You’ve done it. The prospect has opened an account with your bank. Now all you have to do is to keep them happy and move on to the next new customer, right?
Attracting new customers is only the first step. Keeping them is a challenge. By getting to know your new customers and communicating with them in meaningful, value-added ways, you minimize the chances of defection and increase the likelihood of developing a lifelong relationship with your customers.
It sounds so simple. But if it were so easy, why do so many banks have high attrition rates among new customers?
Many banks tend to use the “one-size-fits-all” approach to onboarding. To ensure all new customers are welcomed and cross-sold, they standardize their communications and send them based on some predetermined timeline. By doing this, banks risk alienating new customers by sending generic offers that aren’t timely or relevant.
Banks with successful onboarding programs start with a series of value-focused touch points designed to encourage customer feedback. That information provides a way to implement a cross-selling strategy focused on identifying and meeting the new customers’ needs.
These initial communications are a series of proactive contacts with customers to ensure:
- The products they purchased match their needs;
- The rates and fees on the accounts are transparent and understood;
- The fulfillment process is smooth, accurate and timely; and
- Any problems associated with the account opening process are addressed immediately.
Eliciting feedback
Successful programs feature service-oriented communications sent early in the relationship—with a smooth transition into cross-selling additional products and services after the relationship has been nurtured.

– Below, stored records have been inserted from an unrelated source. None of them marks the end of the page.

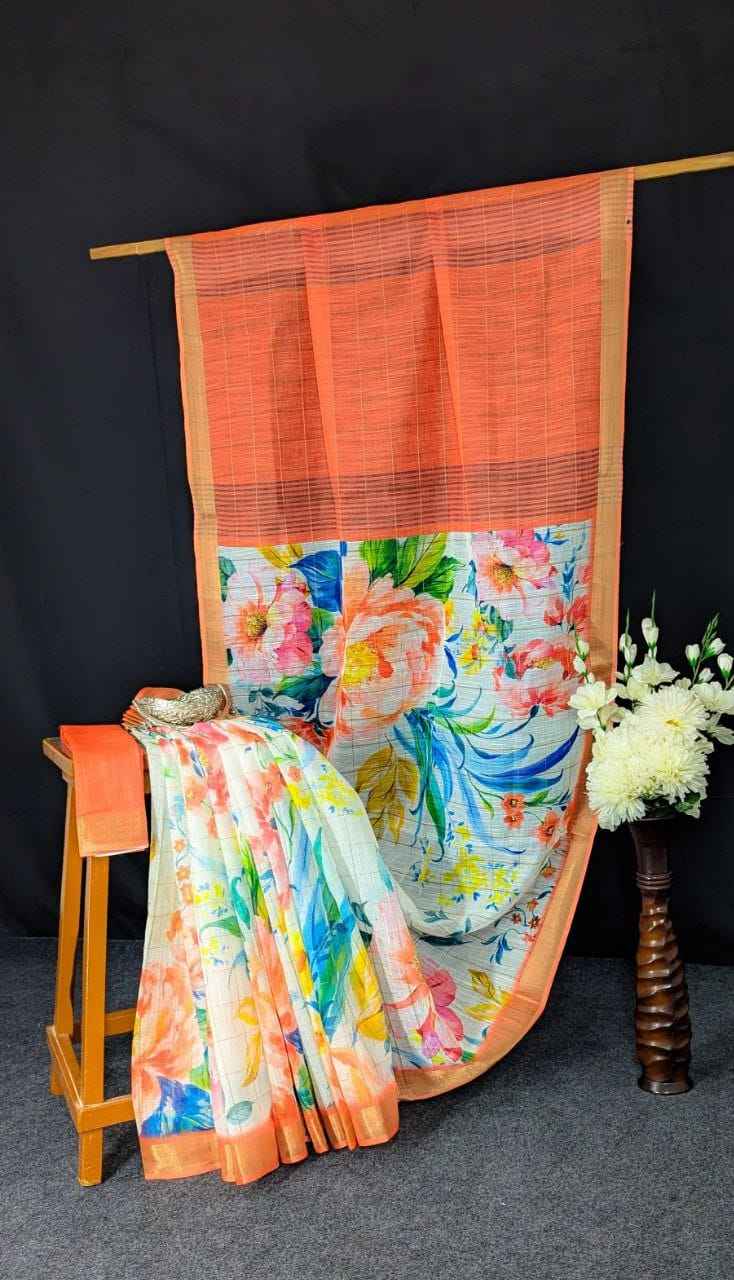 LINEN DIGITAL PRINTED GOLD JARI BORDER SAREE CODE MG379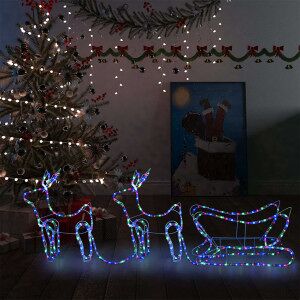 Renos Y Trineo De Navidad Decoración Jardín 576 Leds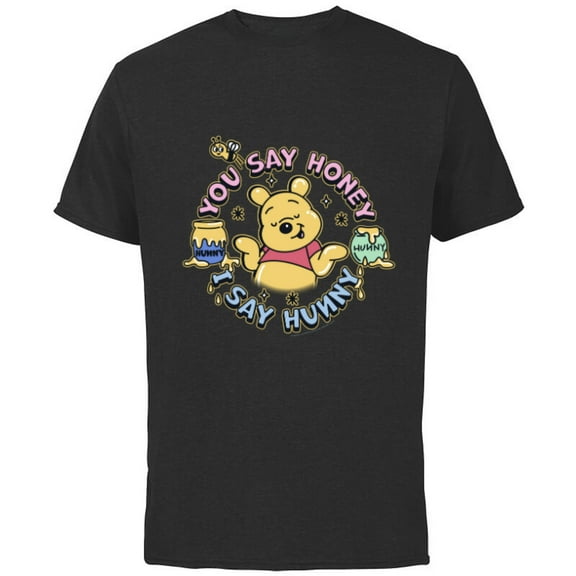 Disney Winnie the Pooh You Say Honey, I Say Hunny Funny - Short Sleeve Cotton T-Shirt for Adults - Customized-Black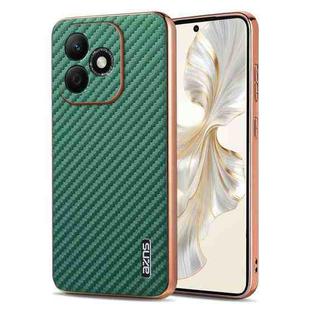 For Honor X60i AZNS Electroplated Edge Carbon Fiber Texture Phone Case(Green)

Initial contacts are customer, not product focused. Messages are based on eliciting feedback by communicating with customers and encouraging them to share their needs with the bank.
With this feedback, the bank can then send offers with a clear-cut value proposition, giving the customer a good reason for them to put their trust and money with their new bank.
This strategy involves frequent contact, a consistent message and personalization—thus becoming not only a cross-selling strategy, but also a relationship-selling strategy.
Relationship-selling is a fundamentally different way of thinking about onboarding customers. It’s based on a philosophy that business should be practiced as a trusted friendship, rather than a process of simply selling products and services.
Relationship-selling focuses on developing a dialogue with customers so the bank can identify, better understand and meet customers’ personal banking needs. This ongoing, two-way communication provides the bank an opportunity to consistently send timely, relevant offers to their new customers based on their life cycle and needs.
Only by consistently communicating and learning what new customers want and need, can banks provide relevant offers to new customers. The more insight a bank has, the less likely they will alienate new customers by inundating them with irrelevant offers.
This value-focused approach to onboarding facilitates a true-needs based relationship. It makes new customers feel appreciated because they receive timely offers based on the needs they’ve shared with the bank.
If banks would focus more on building stronger relationships by identifying and meeting the needs of their new customers they would reap the benefits—in lower attrition rates, higher cross-sell ratios and increased lifetime value of their customers.